On subsequent runs, dlt adapts to schema changes:
# Updated data with schema changes
data = [{
    "organization": "Tech Innovations Inc.",
    "ceo": "Alice Smith",  # NEW: Column added
    "address": {
        "main_block": "r&d",  # RENAMED: building -> main_block
        # REMOVED: room field
    },
    "inventory": [
        # TYPE CHANGE: inventory_nr from int to string
        {"name": "Plasma ray", "inventory_nr": "AR2411"},
    ]
}]

# dlt automatically handles all changes
pipeline.run(data, table_name="org")
3

Schema Changes Applied

What happened:
  • Column added: New ceo column created in org table
  • Column renamed: New address__main_block column created, old address__building stops receiving data
  • Column removed: address__room stops receiving data but remains in destination
  • Type changed: New variant column inventory_nr__v_text created for string type

Nested Data Normalization

dlt flattens nested structures into relational tables:
import dlt

data = [{
    "id": 1,
    "user": "alice",
    "profile": {
        "age": 30,
        "city": "NYC",
        "preferences": {
            "theme": "dark",
            "notifications": True,
        },
    },
    "orders": [
        {"order_id": 101, "amount": 50.0},
        {"order_id": 102, "amount": 75.5},
    ]
}]

pipeline = dlt.pipeline(
    pipeline_name="users",
    destination="duckdb",
    dataset_name="user_data"
)

pipeline.run(data, table_name="users")

# Creates tables:
# - users: id, user, profile__age, profile__city, profile__preferences__theme, profile__preferences__notifications
# - users__orders: order_id, amount, _dlt_parent_id, _dlt_list_idx

Column Type Changes

Variant Columns

When a column’s type changes, dlt creates variant columns:
# First load
data_v1 = [
    {"id": 1, "score": 42},        # score is integer
    {"id": 2, "score": 100},
]

pipeline.run(data_v1, table_name="results")
# Creates: results table with score (bigint)

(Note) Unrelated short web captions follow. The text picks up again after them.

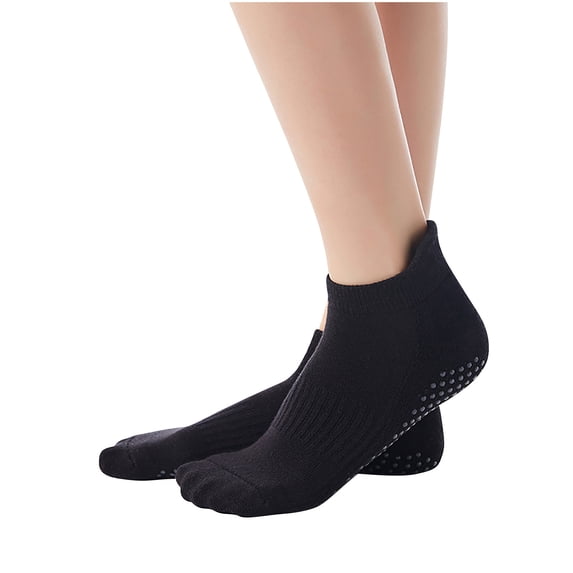 Womens Socks Ankle Comfortable Breathable Non Slip Short with Adhesive Dots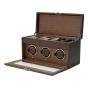 WOLF Earth Triple Watch Winder - Coffee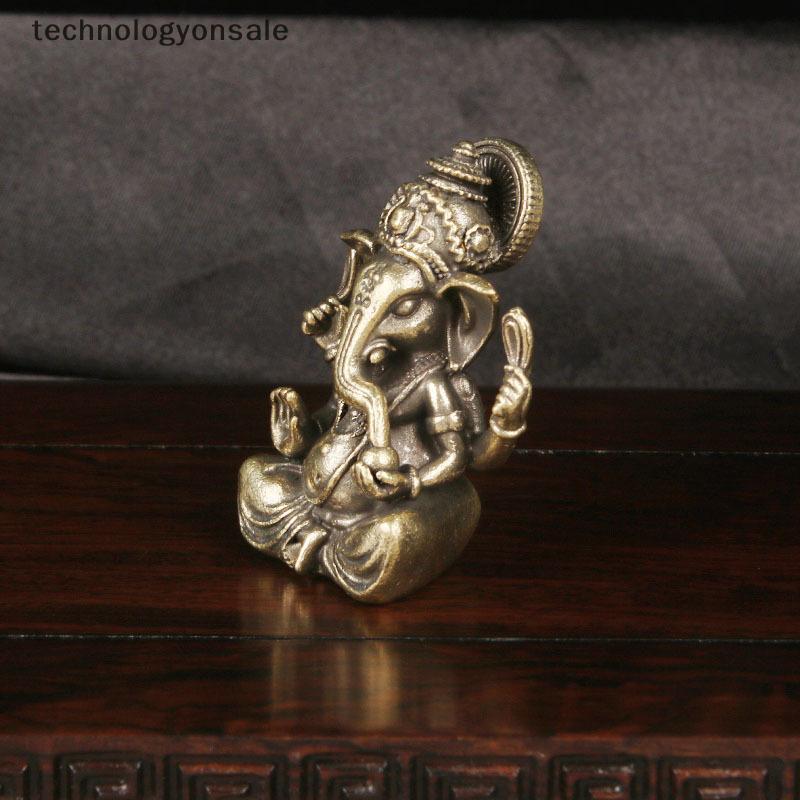 [Tecnologia] Vintage Latão Elefante Tailandês Deus Ornamento De Mesa Tronco De Da Riqueza Escultura Em Bronze Coleção De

# Second load - type changed
data_v2 = [
    {"id": 3, "score": "high"},     # score is now string
    {"id": 4, "score": "medium"},
]

pipeline.run(data_v2, table_name="results")
# Creates: variant column score__v_text (text)
# Original score column remains for integers
Variant columns are named using the pattern: {column_name}__v_{type}

Supported Type Coercions

dlt automatically coerces compatible types:
# These type changes are handled automatically:

# Integer -> Float (coerced)
{"value": 42}      # int
{"value": 42.5}    # float - coerced automatically

# String -> Text (coerced)
{"text": "short"}           # varchar(256)
{"text": "very long..." }   # text - upgraded automatically

# Incompatible types create variants:
{"field": 123}      # bigint
{"field": "text"}   # Creates field__v_text

Controlling Schema Changes

Use hints to control how schemas evolve:
import dlt
from dlt.common.schema.typing import TColumnSchema

@dlt.resource
def users():
    yield [
        {"id": 1, "name": "Alice", "email": "[email protected]"},
    ]

# Apply hints to control schema
users.apply_hints(
    columns={
        "id": {"data_type": "bigint", "nullable": False},
        "email": {"data_type": "text", "unique": True},
        "name": {"data_type": "text"},
    }
)

pipeline = dlt.pipeline(
    pipeline_name="users",
    destination="duckdb",
    dataset_name="user_data"
)

pipeline.run(users())

Schema Versioning

dlt tracks schema versions automatically:
import dlt

pipeline = dlt.pipeline(
    pipeline_name="versioned",
    destination="duckdb",
    dataset_name="data"
)

# Access schema
schema = pipeline.default_schema

# View schema version
print(f"Schema version: {schema.version}")
print(f"Schema hash: {schema.version_hash}")

# Export schema to file
schema.to_pretty_yaml("schema.yaml")
schema.to_pretty_json("schema.json")

Tracking Schema Changes

Monitor schema evolution with lineage tracking:
import dlt

pipeline = dlt.pipeline(
    pipeline_name="tracked",
    destination="duckdb",
    dataset_name="data"
)

data = [{"id": 1, "name": "Alice"}]
pipeline.run(data, table_name="users")

# View schema changes in load info
load_info = pipeline.run(data, table_name="users")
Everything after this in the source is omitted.